Beginning with the line that holds "Vichy Capital Soleil", write out each line exactly as it stands until the end of the data, and include no pictures.

[Source records]
/---

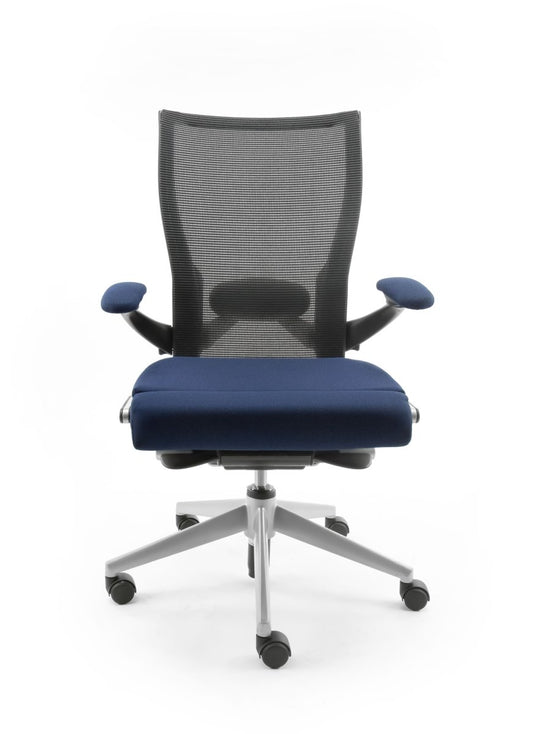 Haworth Comforto X99 Originele Stof Blauw - Re - Use24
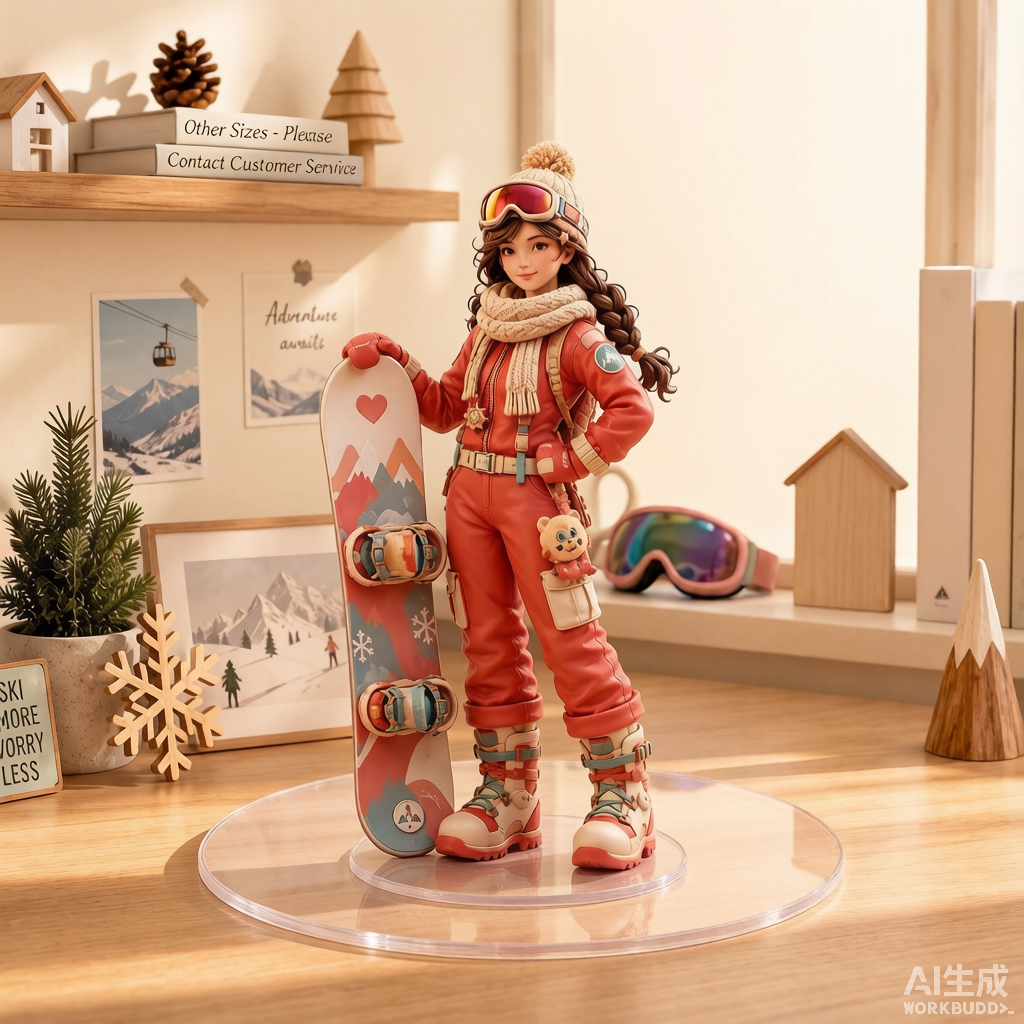 Custom cartoon-style 3D figurine handcrafted from photo by Joyfulpop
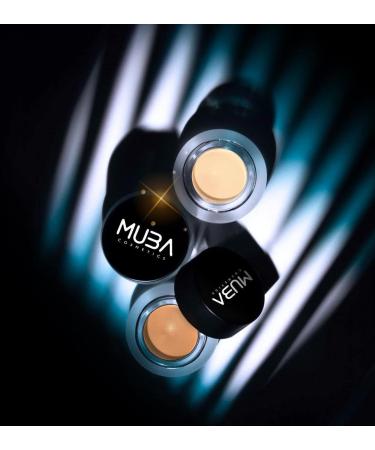MUBA Cosmetics SASH Eye Primer - Vanilla Tone | Silky, Crease-Free Eyeshadow Base for Lighter Skins - Vegan Face Makeup Primer - Buy Online on GoSupps.com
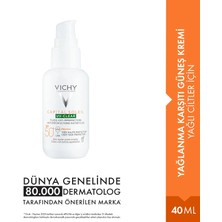 Vichy Capital Soleil UV- Clear Yağlanma Karşıtı Güneş Kremi- Yağlı Ciltler İçin 40 ML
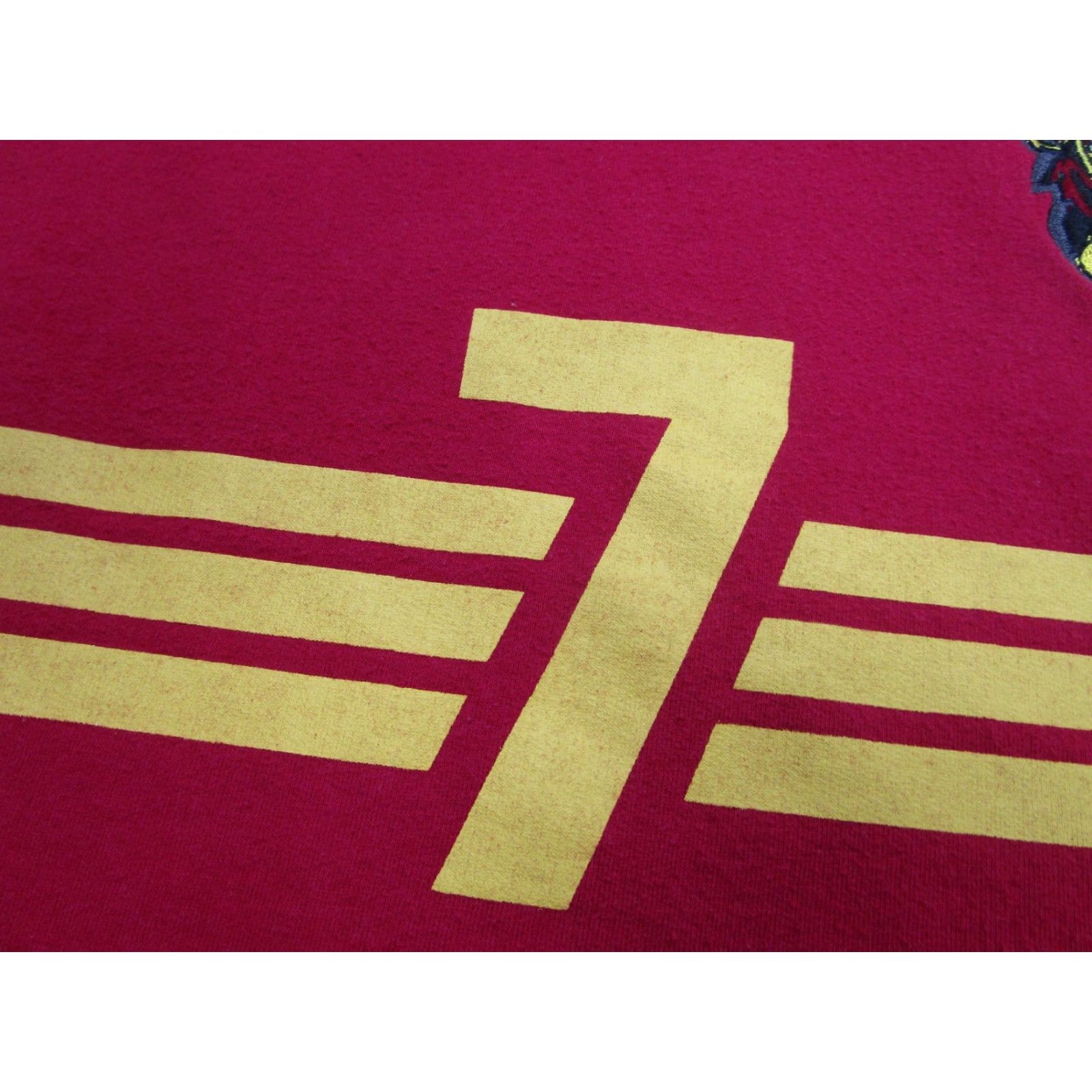 Vintage Harry Potter Gryffindor Hoodie Mens Large Red Gray Quidditch Number 7 Sweatshirt Size US L / EU 52-54 / 3 - 4 Thumbnail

\---

- **Your response**
 Vichy Capital Soleil UV- Clear Yağlanma Karşıtı Güneş Kremi- Yağlı Ciltler İçin 40 ML
 Vintage Harry Potter Gryffindor Hoodie Mens Large Red Gray Quidditch Number 7 Sweatshirt Size US L / EU 52-54 / 3 - 4 Thumbnail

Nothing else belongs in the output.